** Input data follows **

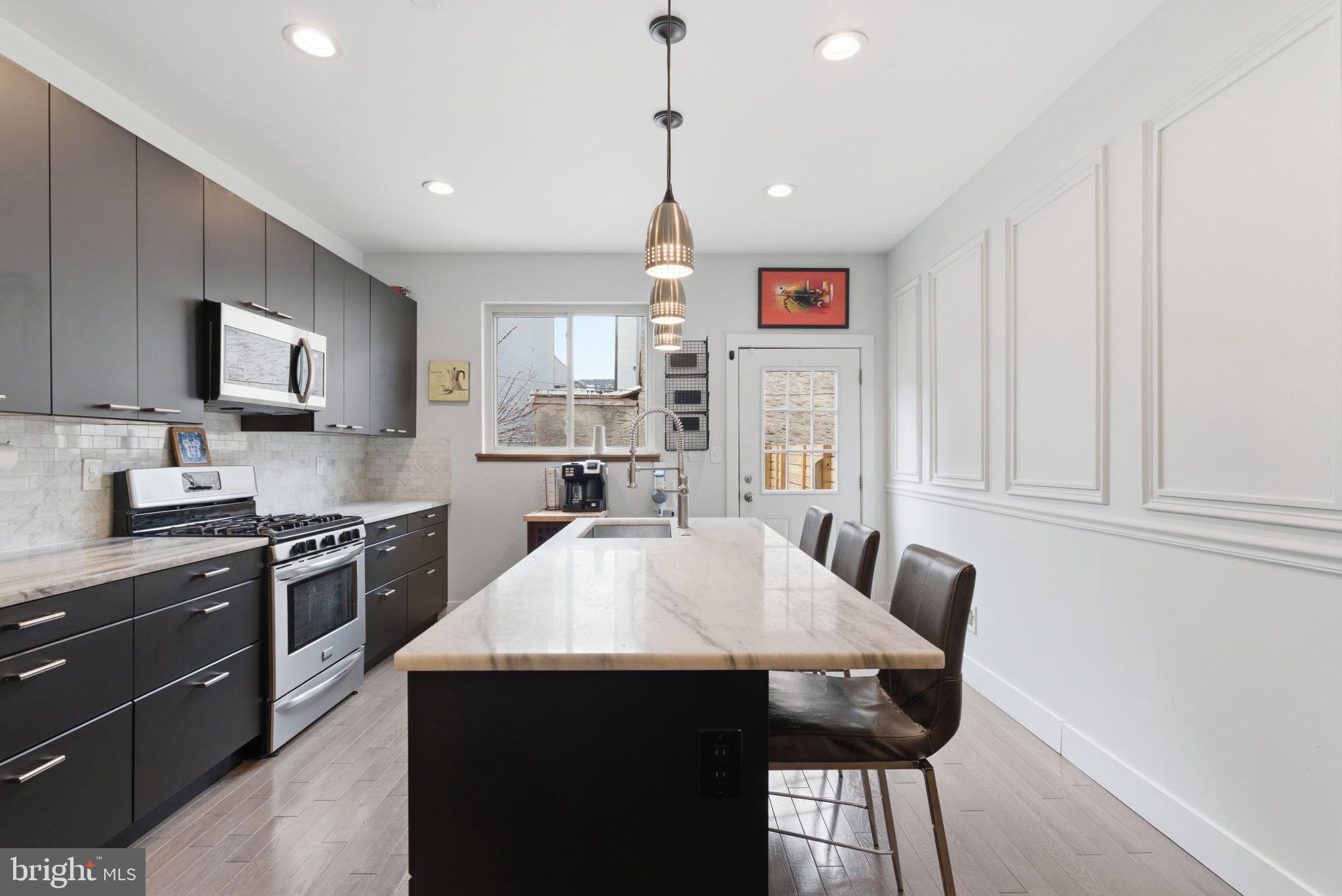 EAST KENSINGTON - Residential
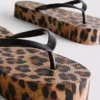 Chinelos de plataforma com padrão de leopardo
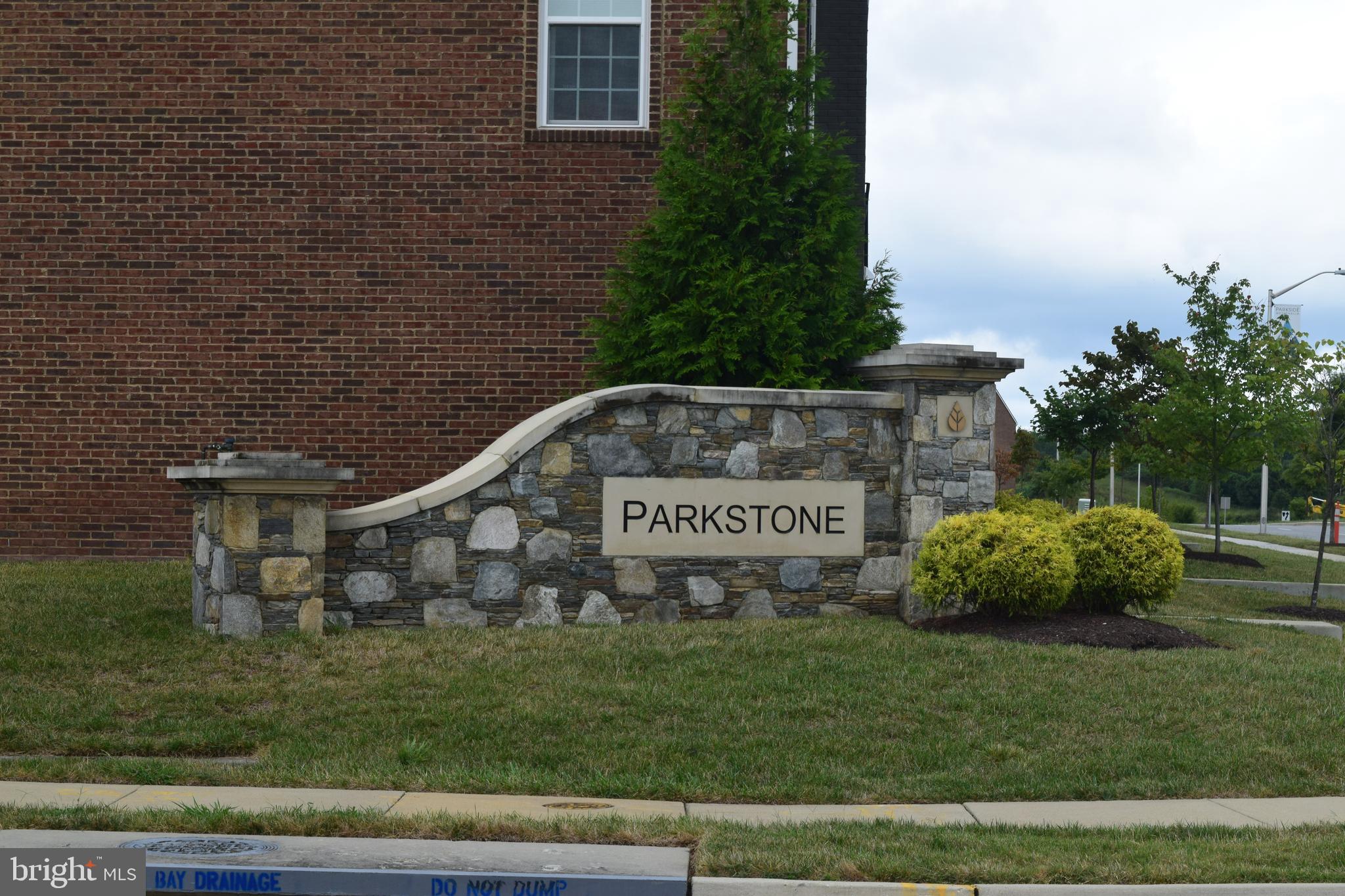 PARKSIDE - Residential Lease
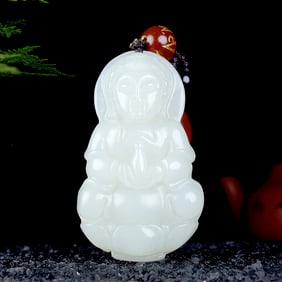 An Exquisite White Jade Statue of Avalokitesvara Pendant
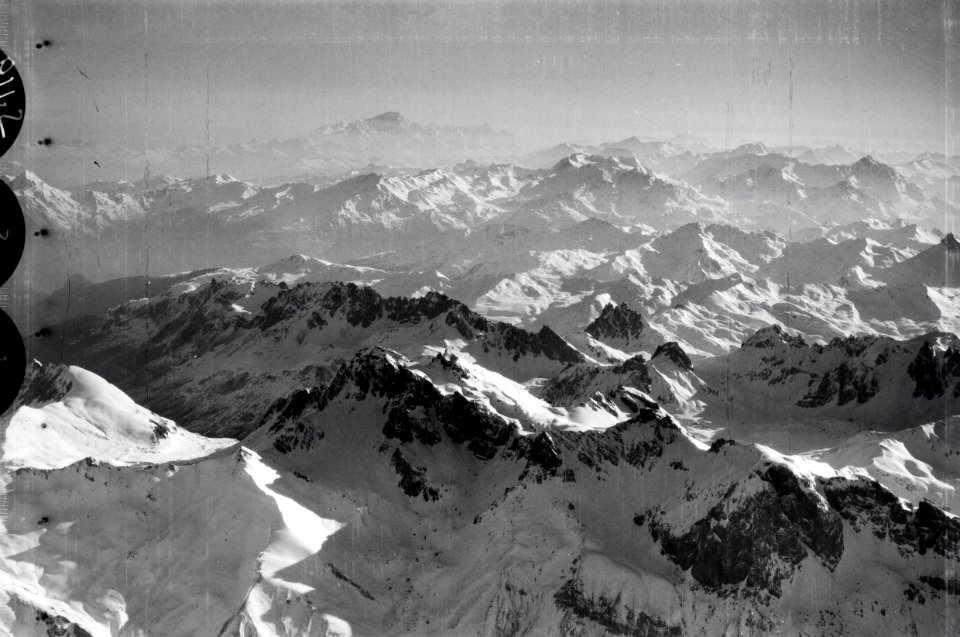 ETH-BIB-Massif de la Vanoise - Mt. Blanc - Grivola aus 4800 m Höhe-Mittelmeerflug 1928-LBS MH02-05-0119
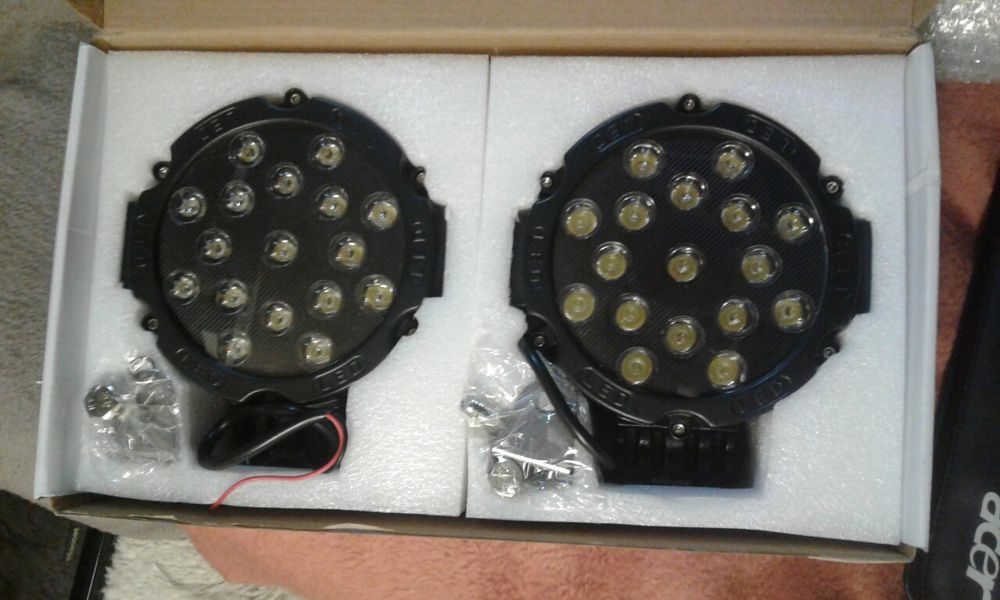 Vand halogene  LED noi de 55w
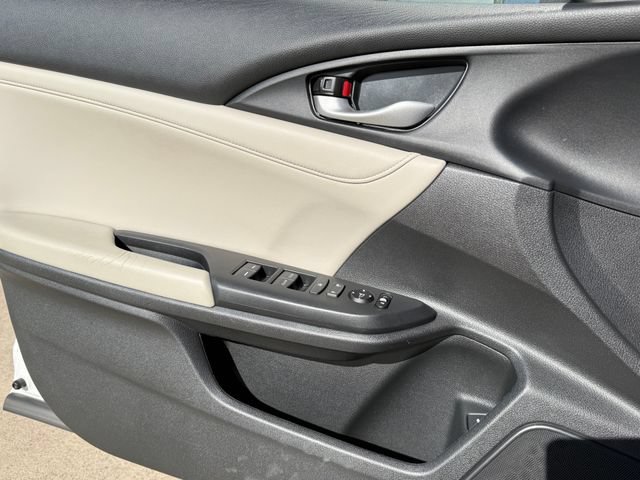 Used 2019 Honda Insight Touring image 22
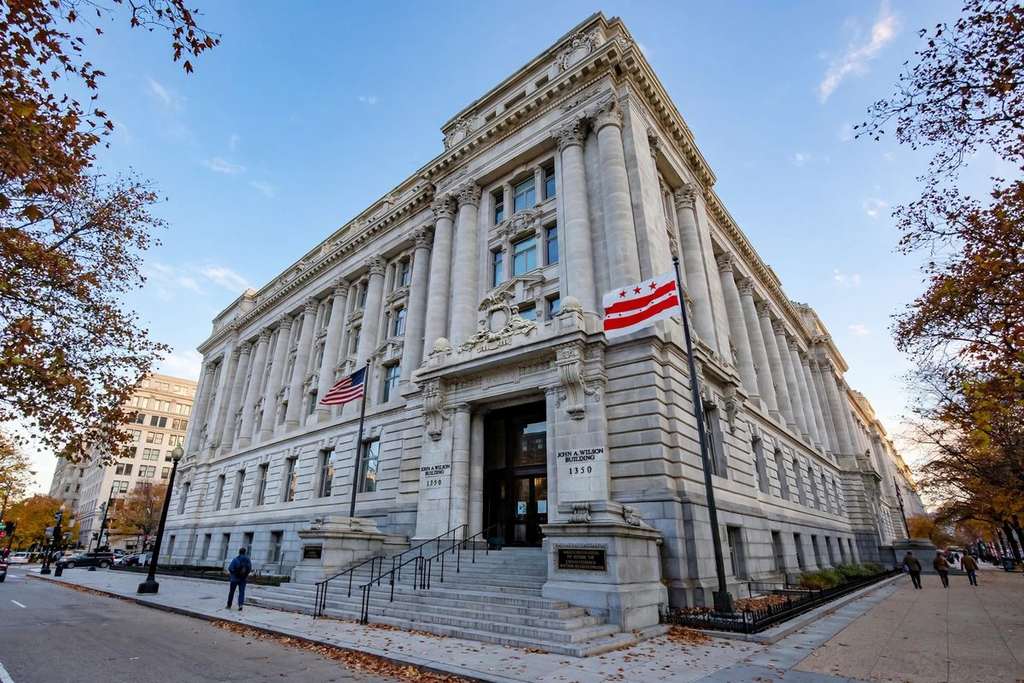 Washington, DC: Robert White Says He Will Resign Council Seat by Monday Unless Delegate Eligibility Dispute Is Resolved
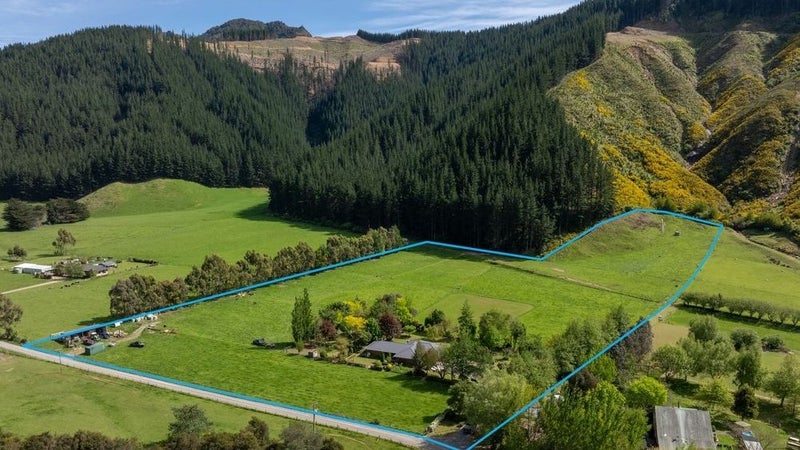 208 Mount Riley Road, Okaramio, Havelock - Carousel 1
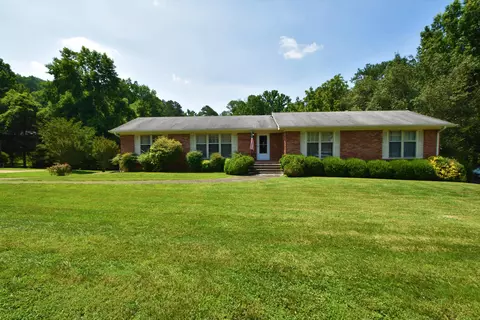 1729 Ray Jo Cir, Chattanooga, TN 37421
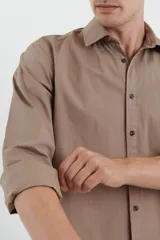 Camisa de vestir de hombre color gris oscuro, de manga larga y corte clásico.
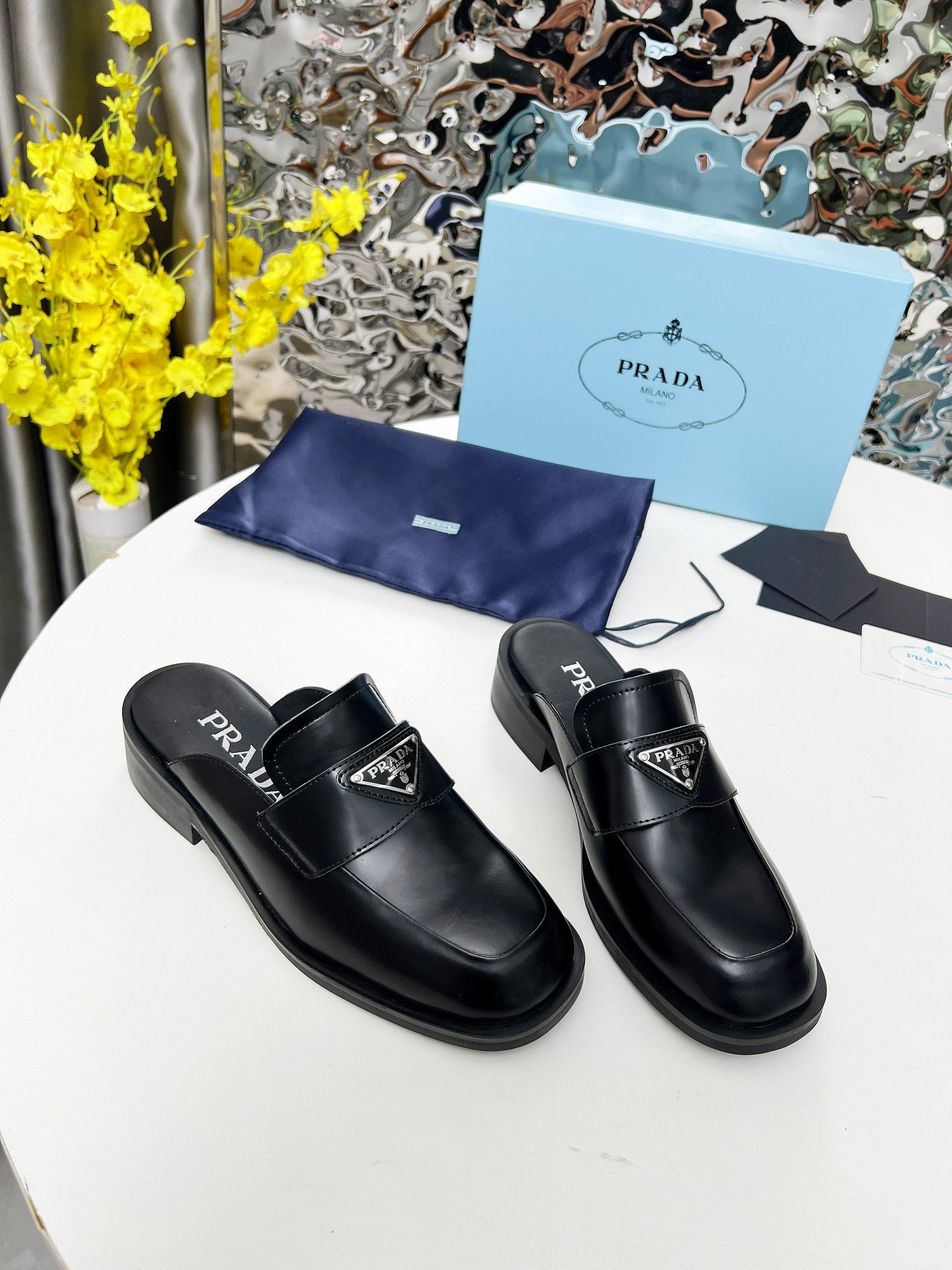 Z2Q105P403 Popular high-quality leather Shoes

** End of Input data **

- _Your assignment_
What you return must match the lines from the top of the data through the line with "LED noi de 55w" exactly, with the pictures removed.

- _Written response_
 EAST KENSINGTON - Residential
 Chinelos de plataforma com padrão de leopardo
 PARKSIDE - Residential Lease
 An Exquisite White Jade Statue of Avalokitesvara Pendant
 ETH-BIB-Massif de la Vanoise - Mt. Blanc - Grivola aus 4800 m Höhe-Mittelmeerflug 1928-LBS MH02-05-0119
 Vand halogene  LED noi de 55w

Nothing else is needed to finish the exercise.